Re: Draft for basic NUMA observability

From: Jakub Wartak <jakub(dot)wartak(at)enterprisedb(dot)com>
To: Andres Freund <andres(at)anarazel(dot)de>
Cc: Bertrand Drouvot <bertranddrouvot(dot)pg(at)gmail(dot)com>, PostgreSQL Hackers <pgsql-hackers(at)postgresql(dot)org>
Subject: Re: Draft for basic NUMA observability
Date: 2025-02-26 08:38:20
Message-ID: CAKZiRmzpvBtqrz5Jr2DDcfk4Ar1ppsXkUhEX9RpA+s+_5hcTOg@mail.gmail.com
Views: Raw Message | Whole Thread | Download mbox | Resend email
Thread:
Lists: pgsql-hackers

On Mon, Feb 24, 2025 at 3:06 PM Andres Freund <andres(at)anarazel(dot)de> wrote:

> On 2025-02-24 12:57:16 +0100, Jakub Wartak wrote:

Hi Andres, thanks for your review!

OK first sane version attached with new src/port/pg_numa.c boilerplate
in 0001. Fixed some bugs too, there is one remaining optimization to
be done (see that `static` question later).
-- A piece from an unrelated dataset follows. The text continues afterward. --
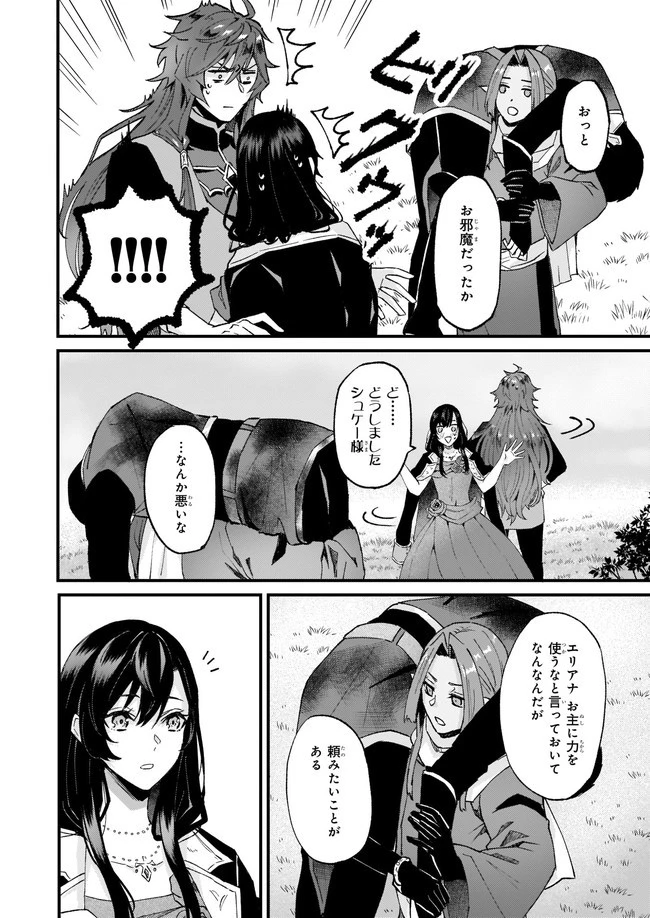 妹に婚約者を譲れと言われました　最強の竜に気に入られてまさかの王国乗っ取り？ 第32.3話 - 6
Docs/tests are still
missing.

QQ: I'm still wondering if we there's better way of exposing multiple
pg's shma entries pointing to the same page (think of something hot:
PROCLOCK or ProcArray), so wouldn't it make sense (in some future
thread/patch) to expose this info somehow via additional column
(pg_get_shmem_numa_allocations.shared_pages bool?) ? I'm thinking of
an easy way of showing that a potential NUMA auto balancing could lead
to TLB NUMA shootdowns (not that it is happening or counting , just
identifying it as a problem in allocation). Or that stuff doesn't make
sense as we already have pg_shm_allocations.{off|size} and we could
derive such info from it (after all it is for devs?)?

postgres(at)postgres:1234 : 18843 # select
name,off,off+allocated_size,allocated_size from pg_shmem_allocations
order by off;
name | off | ?column?
| allocated_size
------------------------------------------------+-----------+-----------+----------------
[..]
Proc Header | 147114112 |
147114240 | 128
Proc Array | 147274752 |
147275392 | 640
KnownAssignedXids | 147275392 |
147310848 | 35456
KnownAssignedXidsValid | 147310848 |
147319808 | 8960
Backend Status Array | 147319808 |
147381248 | 61440

postgres(at)postgres:1234 : 18924 # select * from
pg_shmem_numa_allocations where name IN ('Proc Header', 'Proc Array',
'KnownAssignedXids', '..') order by name;
name | numa_zone_id | numa_size
-------------------+--------------+-----------
KnownAssignedXids | 0 | 2097152
Proc Array | 0 | 2097152
Proc Header | 0 | 2097152

I.e. ProcArray ends and right afterwards KnownAssignedXids start, both
are hot , but on the same HP and NUMA node

> > If there would be agreement that this is the way we want to have it
> > (from the backend and not from checkpointer), here's what's left on
> > the table to be done here:
>
> > a. isn't there something quicker for touching / page-faulting memory ?
>
> If you actually fault in a page the kernel actually has to allocate memory and
> then zero it out. That rather severely limits the throughput...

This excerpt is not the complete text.